In 1935, Schroedinger explained this by a "virtual" Cat experiment.
A living cat is placed into a steel chamber, near a device containing a vial of hydrocyanic acid. Also, in the chamber, is a very small amount of hydrocyanic acid, a radioactive substance. If even a single atom of the substance decays during the test period, a relay mechanism will trip a hammer, which will, in turn, break the vial and kill the cat. The observer outside, cannot know whether or not an atom of the substance has decayed, and consequently, cannot know whether the vial has been broken, the hydrocyanic acid released, and the cat killed. Since we cannot know, according to quantum law, the cat is both dead and alive, in what is called a superposition of states. Only when we break open the box and learn the condition of the cat we realize that the superposition is lost, and the cat becomes one or the other (dead or alive). This situation is sometimes called quantum indeterminacy or the observer's paradox: the observation or measurement itself affects an outcome, so that the outcome as such does not exist unless the measurement is made. (That is, there is no single outcome unless it is observed.)
Sometimes I think this is the age of quantum-mechanization of our country. There were, earlier, classical constitutional rules and interpretations by which things happened. Then we got on to the wave aspect of things and things became fuzzy.
So many suspect cats sitting in so many suspect chambers. So many courts waiting to hit the hammer, once the law-active particle is released. The cat here is never annihilated , but sits in splendorous anticipation in jails or house-arrests etc.
But, at the end of the day, it simply depends on the perception of the "observer" and defining this observer is what we are so excellent at. We also set up vague committees of observers who are supposed to investigate things. These "observers" are multi talented and innovative and they can do several things like :
- Co-opt a stronger "powerfully connected" observer
- Recommend changing the hammer after suspecting it.

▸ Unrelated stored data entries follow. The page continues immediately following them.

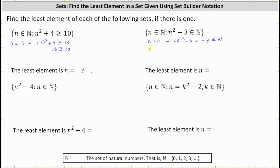Let's try n equals 2. When n equals 2, n squared minus 3 is 2 squared minus 3, which equals 4 minus 3 or 1. Since 1 is in the set of natural numbers, n equals 2 is the smallest or least element in the set. It is important to remember this set is a set of n values, not the set of n squared minus 3 values.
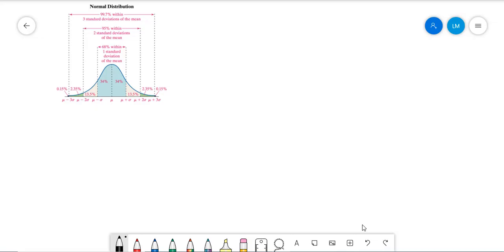Hello, so in this video I'm going to talk a little bit about the normal distribution. Notice that right over here I have the normal distribution showing the empirical rule.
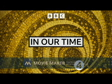This is the BBC. This podcast is supported by advertising outside the UK. Thanks for downloading the In Our Time podcast. For more details about In Our Time and for our terms of use, please go to bbc.co.uk forward slash radio 4. I hope you enjoy the programme.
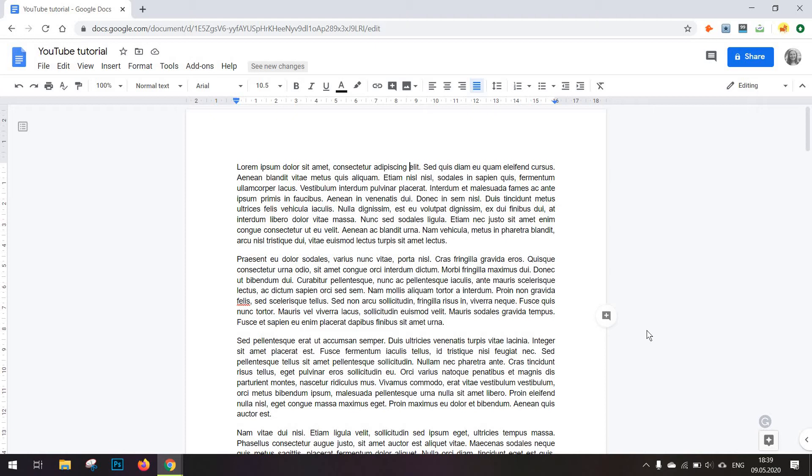Hi guys! Today I'm going to share with you a little trick to help you always see exactly how many words you've already written, so to display the word count in Google Docs.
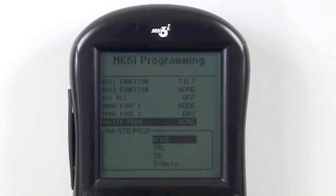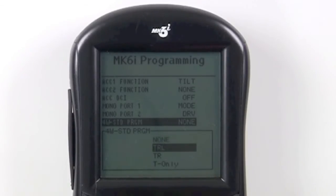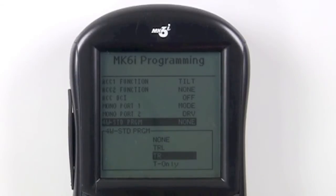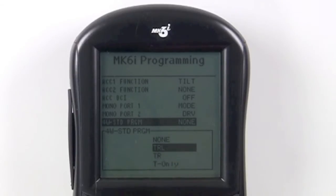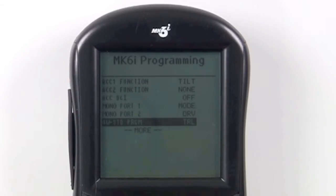The abbreviations used are pretty straightforward. TRL is tilt, recline, and legs. TR would be for a system with tilt and recline only, tilt only, and so on. Select a configuration of the chair — or in this case tilt, recline, and legs — and press select.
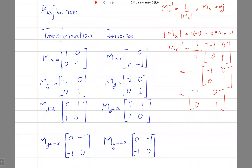If reflection in the y-axis took you somewhere, to get back, you have to also reflect in the y-axis. If reflection in the line y equals x took you somewhere, to get back to where you were, you have to again reflect in the line y equals x. So the inverse transformation of all reflections is the same reflection.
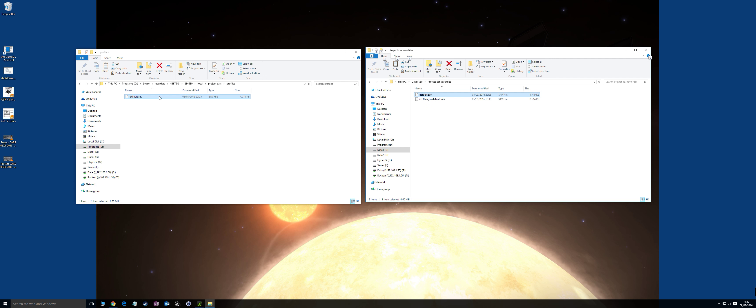So I thought I'd make a quick recording on how to create and swap over your Project Cars profile and save file for the GT3 League.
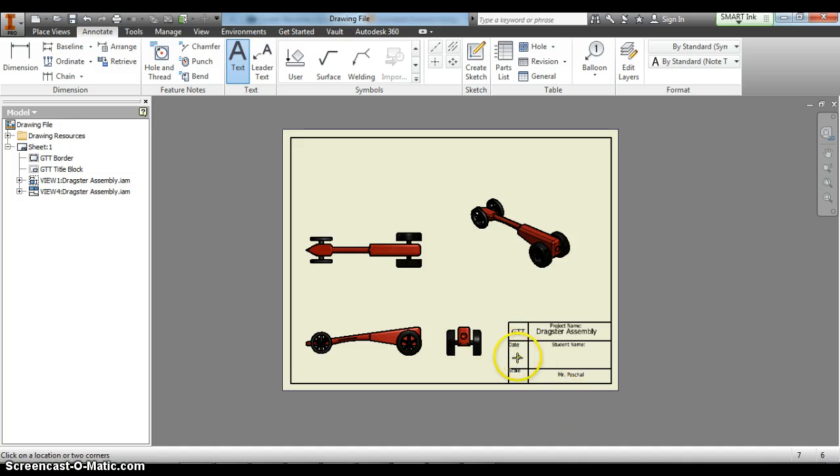Put today's date, the scale is 1-1, add your first and last name.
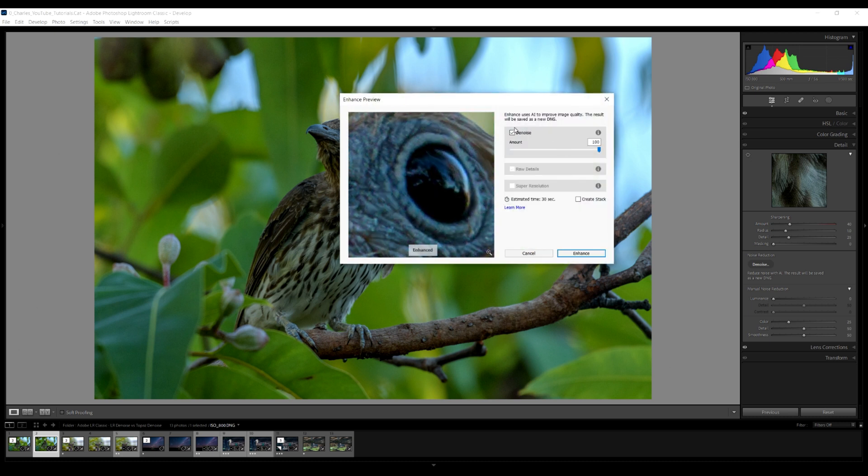We're zoomed into the eye of the bird and Denoise is turned on and set to 100%. At 50% on most images there is still noise, and between 50% and 100% there's not much difference until about 80%. Most images once they get over about ISO 2500 or 3200 need it at 100%. Even this ISO 800 image needs noise reduction at 100%, and all my other images were also set to 100%.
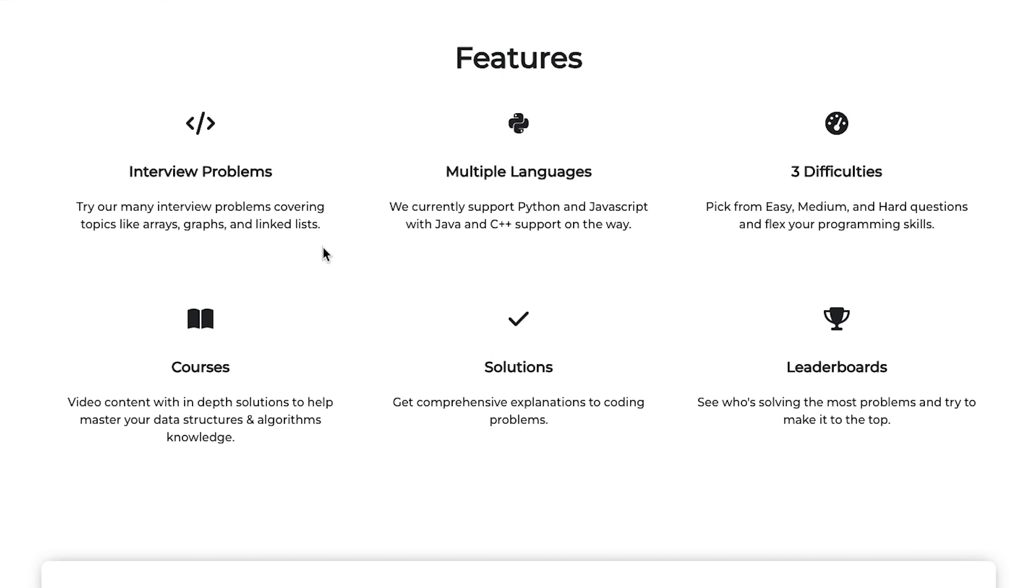So let me know in the comments if you found this video interesting, like the video, please subscribe to the channel, all that good stuff. Thank you guys so much for watching. And as always, keep on coding.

- Appoint a committee to study the cat.
- Have the government labs check out the chemical in the vial, and find out if the vial was tampered with.
- Organize study tours (with MP's likely to oppose you in Parliament) to other western countries to see how other cultures analyse cats hit by hammers in important areas.
- Find out why the CCTV in the chamber was not working although it was installed 4 years ago.
- Have someone produce tapes of someone else telling someone else to mess with the hammer attachment.
- Appoint another subcommittee to ascertain if there were other hidden cats also inside.
- Declare the the report will go to a standing committee, composed of fellows standing outside the chambers set up by you.
- Appoint a sub-committee to find out if the vials, if faulty, were manufactured in a facility owned by a relative of the cat, unless of course, it was owned by the cat himself in benami manner.
- Subsequent to getting an anonymous letter suggesting that the cat must have weakened the chamber wall, by vigorously scratching it with its claws, the committee can suggest that stuff happening inside was known to some specific observers standing outside with ears to the wall. .
The whole fuzzy action plan is designed to ensure, that the chamber, the court-hammer, the law-active substance stands discredited.
Actually, according to Schroedinger, the superposition of states (the ability of the cat to be in any of the two states, and the effects of the interference of the observer), put a big question mark on what we are calling reality . Sometimes of cats, and in quantum mechanics , of electrons.
Rumor has it, that with the variety of solutions and arguments that came up after he suggested this so called thought experiment, Schroedinger actually mentioned that he wished he had never met the cat.
What he forgot was what we already know.
Our cats have 9 lives.
In the steel chambers or out of it. Grinning, Cheshire style .
And observers be damned.
Oh my this is tooo intellectual to me, I am not that intelligent to have got all that you said.
ReplyDeleteAlthough the points you have mentioned are good BUt do you think they will ever come into action ..
Observers in our country are corrupted themselves , rather there is a Race to be in that TEAM of the observers for then they can earn more .. its basically the corrupt observing the corrupt so maybe in this case the observers will be able to give better ideas to the ones being observed as to how to save themselves from the observers ..
Bikram's
You got me interested in the cat experiment though Physics was a bogie-man I was terrified of in school (the very last time I associated with Physics was in my 10th Std)!
ReplyDeleteSad isn't it about the real life cats and their nine!
.. and their nine "lives"! *wonders where the 'lives' vanished* Better go and have my breakfast ;)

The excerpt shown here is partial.